Ich fuhr meinen kirschroten Mercedes 190 in die Einfahrt und stieg aus.

Ganz kurz nur – es mochte der Bruchteil einer Sekunde gewesen sein – hatte ich ein Bild vor meinem inneren Auge, das mich aus irgendeinem Grund zutiefst erschreckte. Ich sah eine Art Herrenhaus oder Schloss, das auf einem Hügel errichtet worden war. Der graue Stein war moosbewachsen und wirkte abweisend. Die Aura unvorstellbar hohen Alters haftete diesem Gebäude an – und der Geruch, den ich in der Nase zu fühlen glaubte, kündete von Verwesung, Tod und Verfall. Das Schloss hatte zahllose Erker und einige kleinere und größere Türme. Eine eigenartige, sehr verschnörkelte Architektur, die sich mit keinem Stil in Verbindung bringen ließ, den ich kannte, während mich die Landschaft an die schottischen Highlands erinnerte. Nebel umwaberten das eigenartige Schloss.
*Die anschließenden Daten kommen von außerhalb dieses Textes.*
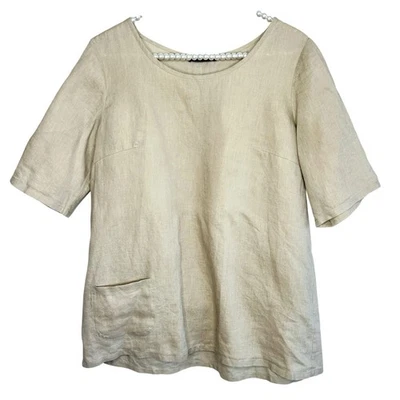 Top de lino Lan Jaenicke para mujer talla 4 = EE. UU. 12 minimalista Lagenlook cuadrado silencioso lujo Foto 1 de 4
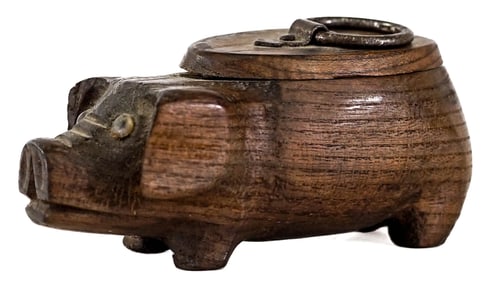Carved Wood Pig Trinket Box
Etwas Dunkles, sehr Kleines flog aus einem der Turmfenster heraus und erhob sich in den grauen Himmel.

Das Bild war verschwunden, und ich versuchte verzweifelt, mich an Einzelheiten zu erinnern.

Eine Vision, dachte ich. Das stand für mich fest. In dieser Hinsicht war ich inzwischen ziemlich sicher. Träume und Visionen, die in Wahrheit übersinnliche Wahrnehmungen darstellten, konnte ich relativ sicher von gewöhnlichen Traumbildern unterscheiden, auch wenn es lange gedauert hatte, bis ich meine Gabe gut genug unter Kontrolle gehabt hatte.

Meine Gabe.

Das war immer Tante Lizzys Ausdruck für meine übersinnliche Begabung gewesen, die ich von meiner viel zu früh verstorbenen Mutter geerbt hatte.

Was mochte nur dieses Bild eines Schlosses in den schottischen Highlands – oder einer vergleichbaren Landschaft – bedeuten?, fragte ich mich. Es war nicht das erste Mal, dass ich dieses Bauwerk vor meinem innere Auge sah.

Am Tag nach unserer Rückkehr aus Kambodscha hatte ich es zum ersten Mal gesehen und gleich gewusst, dass es irgend etwas zu bedeuten hatte. Es hatte mit meinem Schicksal zu tun.

Ich war mir so gut wie sicher.

Schottland, dachte ich. Wie komme ich eigentlich auf Schottland? Vielleicht durch die Meldung, die heute auf meinem Schreibtisch gelegen hat?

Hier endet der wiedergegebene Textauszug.